__PROBLEM DETAILS__
Return every line of the records below verbatim, with no pictures in the copy.

__RECORDS SHOWN__
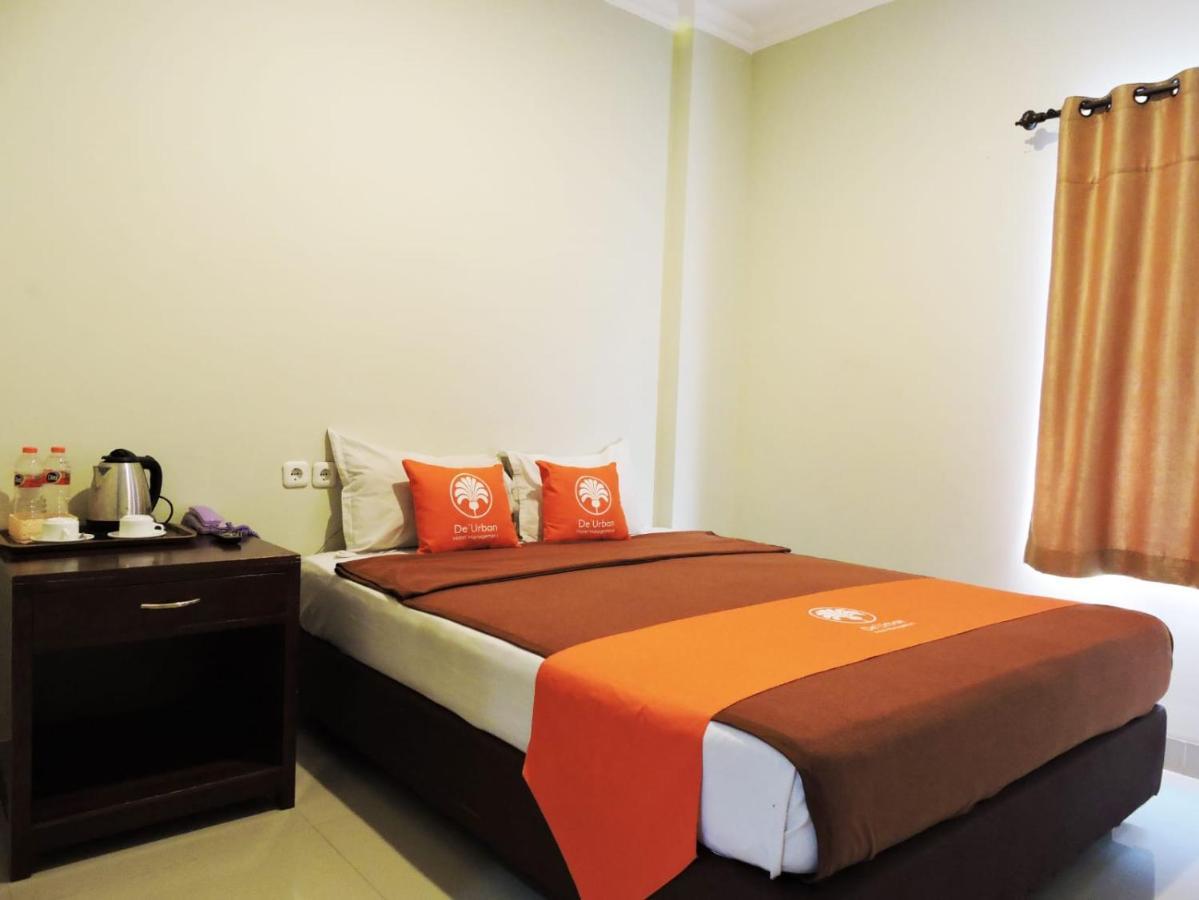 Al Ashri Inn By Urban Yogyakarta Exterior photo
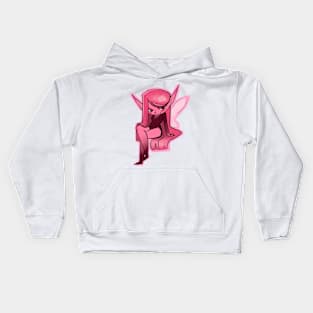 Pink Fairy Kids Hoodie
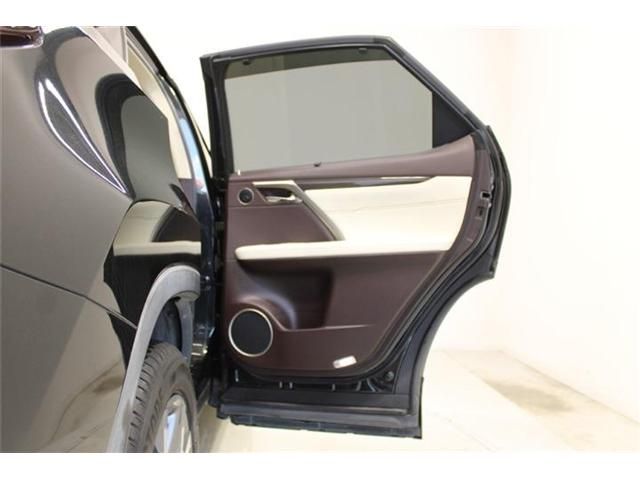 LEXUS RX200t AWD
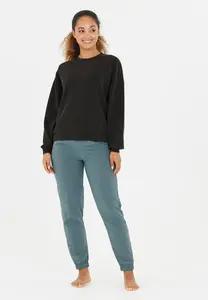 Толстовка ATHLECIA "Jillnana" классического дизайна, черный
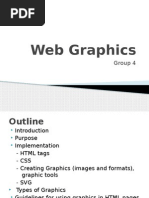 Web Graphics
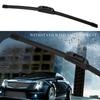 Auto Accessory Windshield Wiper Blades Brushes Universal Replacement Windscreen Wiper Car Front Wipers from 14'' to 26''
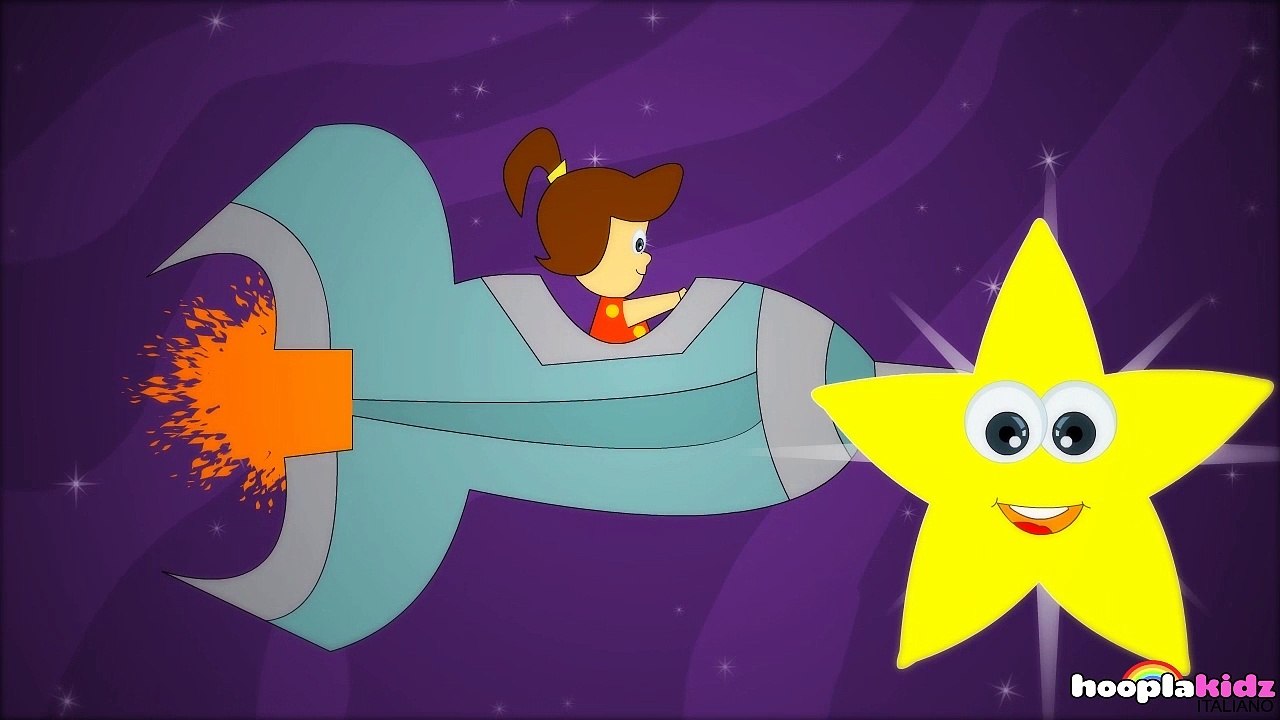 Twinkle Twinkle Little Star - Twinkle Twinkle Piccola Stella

__ANSWER BOX__
 Al Ashri Inn By Urban Yogyakarta Exterior photo
 Pink Fairy Kids Hoodie
 LEXUS RX200t AWD
 Толстовка ATHLECIA "Jillnana" классического дизайна, черный
 Web Graphics
 Auto Accessory Windshield Wiper Blades Brushes Universal Replacement Windscreen Wiper Car Front Wipers from 14'' to 26''
 Twinkle Twinkle Little Star - Twinkle Twinkle Piccola Stella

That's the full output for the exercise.